For something free I use pieces of 1/2 inch drywall. It can be salvaged at
home building sites.
Unpainted porous drywall is perfect for drawing moisture out of clay.
Clay releases so long as it is dry. A damp sponge cleans them after use.
Drywall is perfect for rolling coils. I dry tile between two pieces (leave
scrap of clay around the tile to avoid drying the edges too fast).
IMPORTANT: Use 2 inch packaging tape and wrap all the edges so none of the
gypsum can fall out of the board. If any small piece of this plaster-like
material gets in the clay, it will cause popouts when fired. Tape won't
stick to dusty or damp boards, so I do it while the boards are new.

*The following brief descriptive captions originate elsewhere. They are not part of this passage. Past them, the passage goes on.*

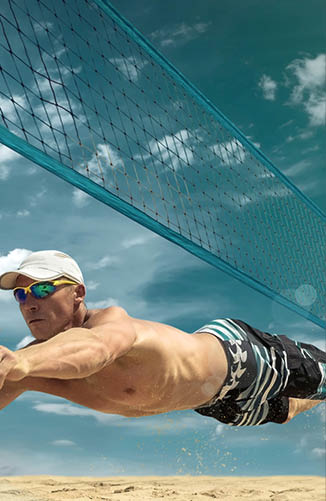Beach volleyball player in action at sunny day under blue sky.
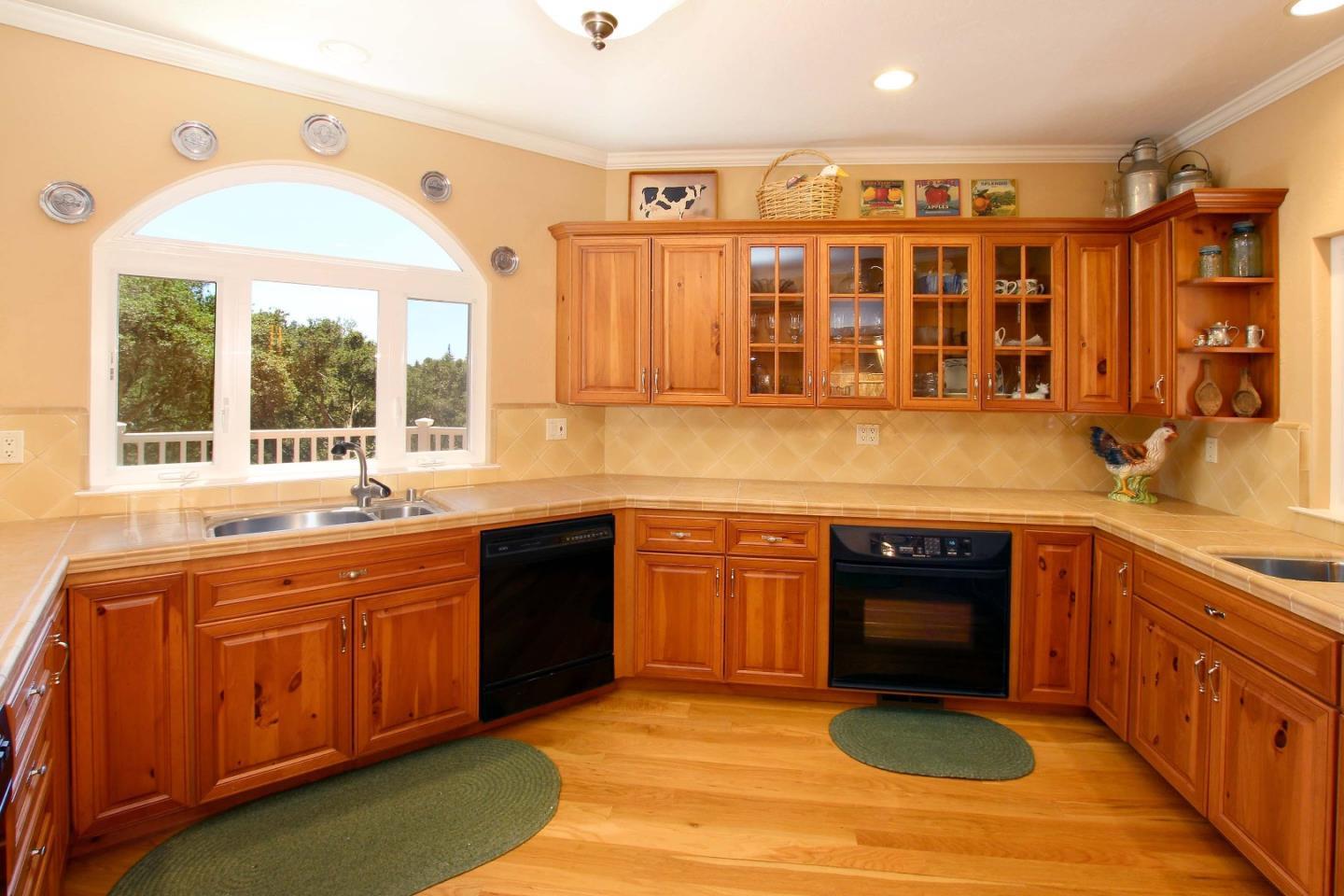 213 Gillette Road Watsonville, CA 95076 - Photo 22 of 27 a kitchen with stainless steel appliances granite countertop a sink and cabinets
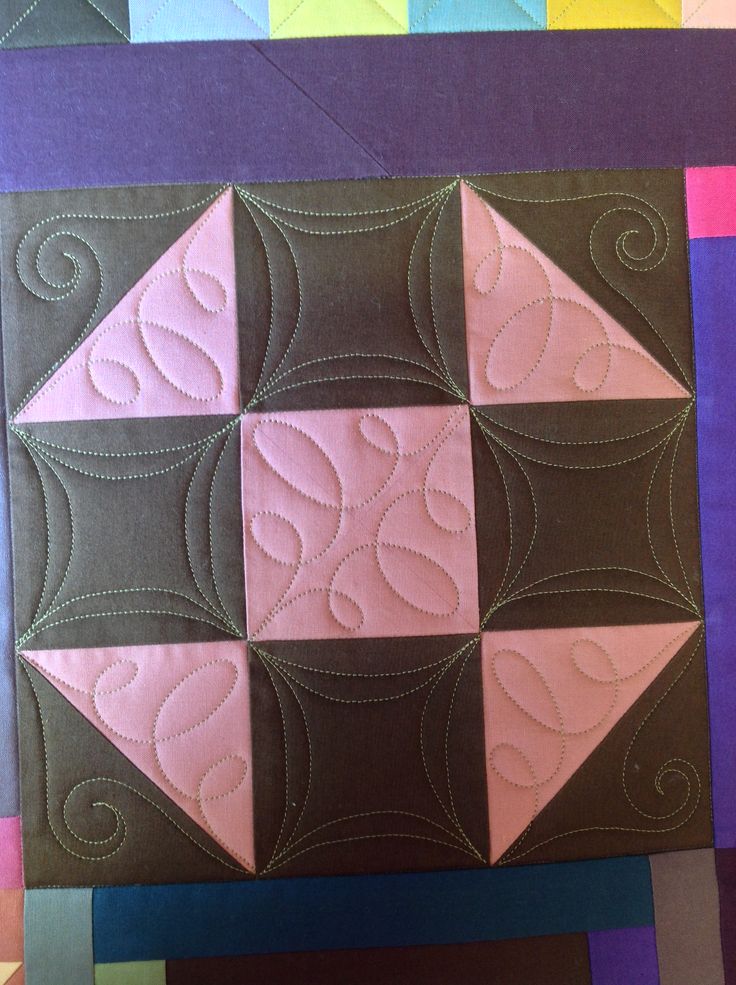 a piece of quilted material with pink and brown squares in the center, on top of multi - colored blocks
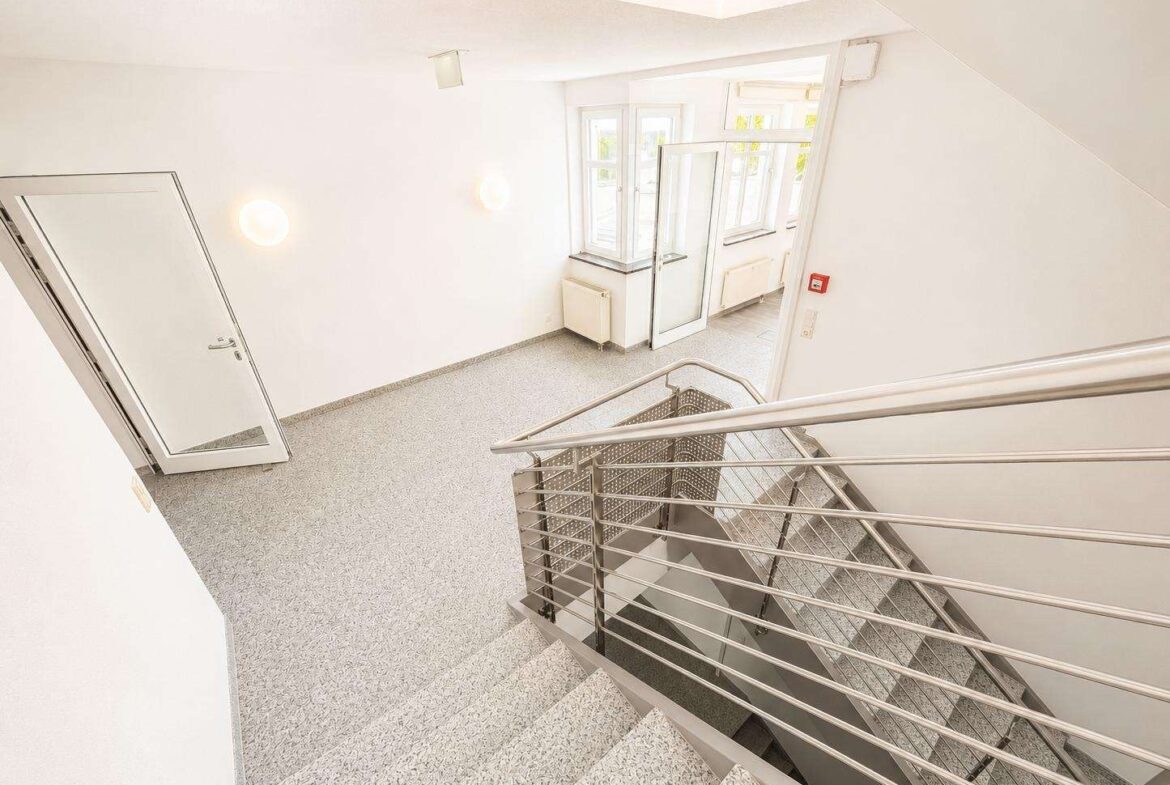Bright white stairwell with a metal railing, leading down, in a modern building near a glass door and large windows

Burnish the tape securely.
For classroom use you may want to make them all the same size (like drawing
boards) to use by individuals for rolling out coils. Size them to fit the
storage place. They can set vertically on one edge.
To set pieces on while working, I like cheap unglazed commercial ceramic
tile better because I don't have to worry about plaster chips getting in
the clay supply. Scraps of matboard or chipboard (old tablet backs) are
also great for setting projects on while working (disposable).
For slabs from soft clay, you probably need canvas or heavy cloth (denim
works) pieces so they can flatten the clay between to cloths and pull the
cloth off by pulling it loose. If the clay is sticky, pull cloth off the
clay. Pull it straight sideways to roll it off - do not pull it upward.
If clay needs to be thinner, lay the cloth back, flip the clay cloth
sandwich over. Pull the other cloth loose, replace it and flatten some more.
For something free, I have also flattened slabs between leftover house wrap
paper. Builders cut out large pieces at the windows. Dupont makes it from
Tyvek (also used for indestructible mailing envelops the do not tear).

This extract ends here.